──────── Data provided
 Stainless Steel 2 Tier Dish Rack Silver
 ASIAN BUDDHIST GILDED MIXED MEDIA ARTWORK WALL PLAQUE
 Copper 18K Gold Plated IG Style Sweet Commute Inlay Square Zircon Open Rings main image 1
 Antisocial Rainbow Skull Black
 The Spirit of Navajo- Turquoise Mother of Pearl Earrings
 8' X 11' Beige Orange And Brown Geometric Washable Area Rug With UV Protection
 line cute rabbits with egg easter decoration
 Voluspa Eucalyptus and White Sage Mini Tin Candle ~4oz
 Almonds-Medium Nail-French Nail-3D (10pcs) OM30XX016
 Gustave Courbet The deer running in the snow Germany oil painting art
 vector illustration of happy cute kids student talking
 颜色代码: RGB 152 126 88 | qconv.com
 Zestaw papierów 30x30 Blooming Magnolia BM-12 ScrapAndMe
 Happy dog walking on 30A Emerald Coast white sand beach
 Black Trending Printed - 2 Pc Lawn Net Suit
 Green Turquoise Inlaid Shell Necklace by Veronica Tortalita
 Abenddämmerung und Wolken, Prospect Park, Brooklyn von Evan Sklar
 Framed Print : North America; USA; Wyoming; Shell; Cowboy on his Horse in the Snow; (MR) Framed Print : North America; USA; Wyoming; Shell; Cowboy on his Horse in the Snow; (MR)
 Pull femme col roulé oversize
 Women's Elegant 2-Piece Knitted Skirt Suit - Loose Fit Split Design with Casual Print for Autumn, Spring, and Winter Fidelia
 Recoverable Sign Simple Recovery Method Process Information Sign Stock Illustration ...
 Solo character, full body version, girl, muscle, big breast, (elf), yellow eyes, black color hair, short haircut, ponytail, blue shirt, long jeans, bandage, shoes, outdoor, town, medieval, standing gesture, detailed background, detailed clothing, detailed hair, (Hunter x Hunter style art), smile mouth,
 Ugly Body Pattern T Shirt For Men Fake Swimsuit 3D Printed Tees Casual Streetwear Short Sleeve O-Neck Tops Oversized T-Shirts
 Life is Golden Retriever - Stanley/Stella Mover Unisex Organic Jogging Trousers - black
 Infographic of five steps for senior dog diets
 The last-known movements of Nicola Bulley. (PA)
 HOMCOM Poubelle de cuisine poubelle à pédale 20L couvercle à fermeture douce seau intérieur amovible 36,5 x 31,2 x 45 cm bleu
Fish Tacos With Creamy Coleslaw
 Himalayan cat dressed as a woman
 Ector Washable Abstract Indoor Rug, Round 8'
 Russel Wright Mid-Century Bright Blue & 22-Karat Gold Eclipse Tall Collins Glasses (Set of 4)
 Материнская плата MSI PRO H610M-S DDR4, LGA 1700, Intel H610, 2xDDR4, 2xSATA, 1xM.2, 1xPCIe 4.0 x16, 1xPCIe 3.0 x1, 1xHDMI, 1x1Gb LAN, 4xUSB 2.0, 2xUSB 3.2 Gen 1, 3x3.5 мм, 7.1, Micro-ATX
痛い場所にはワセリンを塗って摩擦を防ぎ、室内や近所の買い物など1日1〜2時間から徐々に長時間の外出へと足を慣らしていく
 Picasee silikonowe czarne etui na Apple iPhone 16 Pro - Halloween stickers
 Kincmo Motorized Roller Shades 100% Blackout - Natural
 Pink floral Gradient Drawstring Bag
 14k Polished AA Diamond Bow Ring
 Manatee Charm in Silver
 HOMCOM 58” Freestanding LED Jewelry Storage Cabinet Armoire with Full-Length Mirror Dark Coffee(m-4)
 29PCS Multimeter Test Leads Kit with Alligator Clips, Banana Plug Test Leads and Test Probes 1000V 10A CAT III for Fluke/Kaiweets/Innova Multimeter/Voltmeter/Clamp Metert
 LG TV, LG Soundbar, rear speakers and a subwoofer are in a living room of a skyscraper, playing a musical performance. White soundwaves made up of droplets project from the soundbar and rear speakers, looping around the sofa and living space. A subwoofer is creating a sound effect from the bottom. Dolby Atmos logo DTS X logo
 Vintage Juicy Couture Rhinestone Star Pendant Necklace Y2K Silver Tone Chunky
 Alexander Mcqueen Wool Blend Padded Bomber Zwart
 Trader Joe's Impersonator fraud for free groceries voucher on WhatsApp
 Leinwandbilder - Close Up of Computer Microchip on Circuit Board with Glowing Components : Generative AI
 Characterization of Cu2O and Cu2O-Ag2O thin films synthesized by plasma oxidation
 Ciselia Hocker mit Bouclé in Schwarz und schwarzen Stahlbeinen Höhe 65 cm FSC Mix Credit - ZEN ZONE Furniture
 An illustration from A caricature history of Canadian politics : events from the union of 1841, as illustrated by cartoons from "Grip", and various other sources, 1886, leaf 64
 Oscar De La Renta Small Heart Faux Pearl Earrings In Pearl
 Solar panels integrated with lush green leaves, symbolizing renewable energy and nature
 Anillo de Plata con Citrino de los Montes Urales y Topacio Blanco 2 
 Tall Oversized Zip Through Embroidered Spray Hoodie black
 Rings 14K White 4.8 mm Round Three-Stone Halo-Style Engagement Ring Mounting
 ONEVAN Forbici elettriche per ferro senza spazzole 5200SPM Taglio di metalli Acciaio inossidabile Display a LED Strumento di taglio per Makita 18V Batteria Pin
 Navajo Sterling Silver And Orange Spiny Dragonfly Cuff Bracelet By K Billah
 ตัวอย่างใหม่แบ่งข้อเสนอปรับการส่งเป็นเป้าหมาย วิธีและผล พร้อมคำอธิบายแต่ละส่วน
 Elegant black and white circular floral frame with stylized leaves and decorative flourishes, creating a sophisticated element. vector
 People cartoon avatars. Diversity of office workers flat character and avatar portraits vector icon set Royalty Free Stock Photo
────────────────
_Brief_
Please copy the lines in the records above between the one holding "Pull femme col roulé oversize" and the one holding "Ector Washable Abstract Indoor Rug, Round 8'", inclusive, exactly and with no other line.

_Solution_
 Pull femme col roulé oversize
 Women's Elegant 2-Piece Knitted Skirt Suit - Loose Fit Split Design with Casual Print for Autumn, Spring, and Winter Fidelia
 Recoverable Sign Simple Recovery Method Process Information Sign Stock Illustration ...
 Solo character, full body version, girl, muscle, big breast, (elf), yellow eyes, black color hair, short haircut, ponytail, blue shirt, long jeans, bandage, shoes, outdoor, town, medieval, standing gesture, detailed background, detailed clothing, detailed hair, (Hunter x Hunter style art), smile mouth,
 Ugly Body Pattern T Shirt For Men Fake Swimsuit 3D Printed Tees Casual Streetwear Short Sleeve O-Neck Tops Oversized T-Shirts
 Life is Golden Retriever - Stanley/Stella Mover Unisex Organic Jogging Trousers - black
 Infographic of five steps for senior dog diets
 The last-known movements of Nicola Bulley. (PA)
 HOMCOM Poubelle de cuisine poubelle à pédale 20L couvercle à fermeture douce seau intérieur amovible 36,5 x 31,2 x 45 cm bleu
Fish Tacos With Creamy Coleslaw
 Himalayan cat dressed as a woman
 Ector Washable Abstract Indoor Rug, Round 8'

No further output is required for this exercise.